Improve metadata handling #89

jlaehne · 2023-02-16T10:15:17Z

Describe the functionality you would like to see.

As brought up by @francisco-dlp in LumiSpy/lumispy#53 (comment), it would be desirable to have a more universal metadata handling. Currently, metadata is mapped from original_metadata in every file_reader independently following the HyperSpy conventions. If other packages would want to built on RosettaSciIO, this is not the most convenient. Also it does include a lot of redundant code. Instead, we could for example use something like yaml files to define the mapping, and then each folder could include a hyperspy.yaml, but potentially also other mapping files for other applications.

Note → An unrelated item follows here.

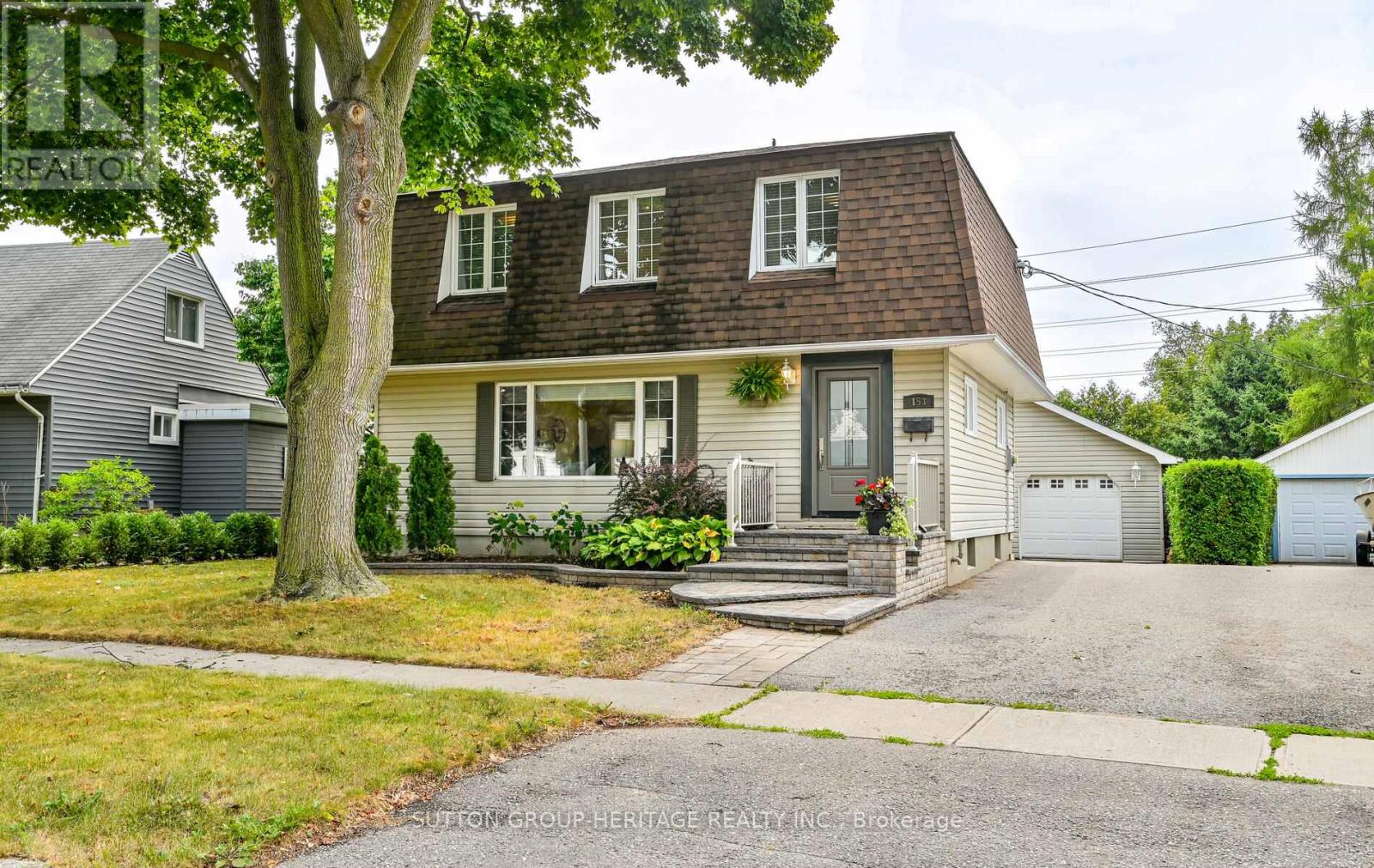 153 Admiral Rd, Ajax, ON L1S 2P2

Of course, metadata mapping is not always 1:1 (node from one tree is directly mapped to position in other metadata tree), which can be done using a basic dictionary. The mapping definition would need to include several extra situations:

if/elif/else like statement, where a certain field in original_metadata can decide which other field is mapped or what string/value is set in a certain node of metadata
processing the content of a field by python (e.g. one line code segments), such as unit conversion, calculation of an overall exposure time from multiple acquisitions (number of frames x time per frame)

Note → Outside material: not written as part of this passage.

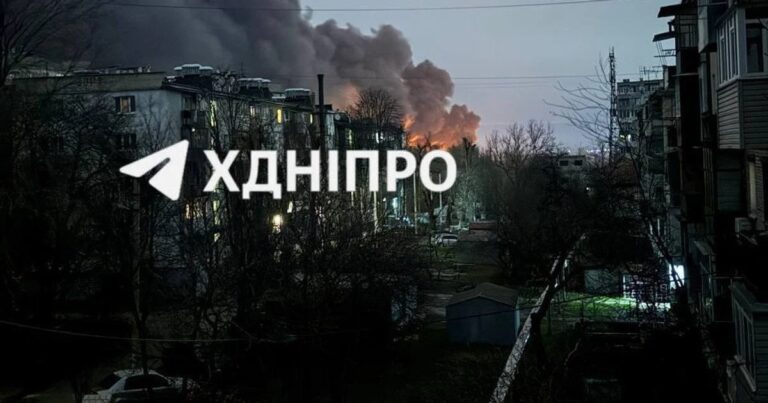 Новини України - Атака РФ: Дніпро після вибухів накрив чорний дим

The developers of the https://github.com/nomad-coe/nomad repository/ELN have implemented a similar functionality based on what they call "schemas". Maybe, we can team up with them @markus1978, @haltugyildirim to implement such a mapping in RosettaSciIO, as the possibility to read in a number of (partly binary) data formats provided by RosettaSciIO should in turn be valuable to Nomad in order to support a broader range of experiments and to integrate processing via e.g. HyperSpy.

Additional information

Should not hold back an initial release, but should be on the roadmap.

The text was updated successfully, but these errors were encountered:

francisco-dlp · 2023-02-16T15:31:28Z

Thanks @jlaehne for bringing back this important topic.

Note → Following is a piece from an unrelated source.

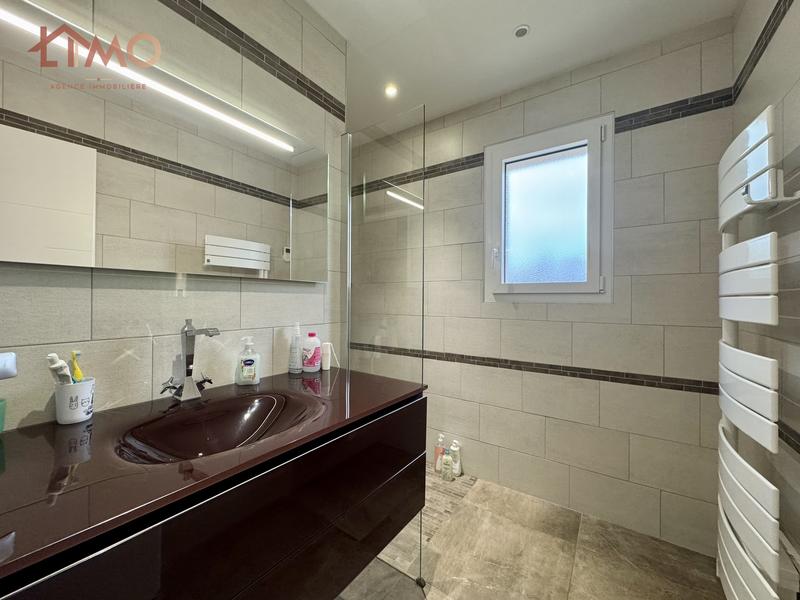 Maison - 168 m² - 7 pièces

Indeed RosettaSciIO does map all metadata to HyperSpy's metadata specification. This comes with the advantage that it can translate all mapped metadata across formats (hence the link with the Rosetta Stone), but it is an overhead when this is not required. Therefore, it should be an optional feature (task 1).

As you rightly point out, the mapping to HyperSpy's metadata specification is not done very smartly. Ideally, one should be able to specify the mapping using an easy to maintain mapping specification file, e.g. in yaml (task 2). The task is far from trivial, and it is of interest beyond RosettaSciIO, so ideally it should be performed by an independent tool. Nomad's schemas seem like a good candidate.

Finally, HyperSpy's metadata specification is defined in the User Guide. It would be better to defined the metadata using e.g. Nexus' specifications or simply switch to Nexus' EM microscopy format (task 3).

ericpre · 2023-02-17T14:14:23Z

Now that there is nexus definition for electron microscopy, it would be great to use it and provide feedback on its usability.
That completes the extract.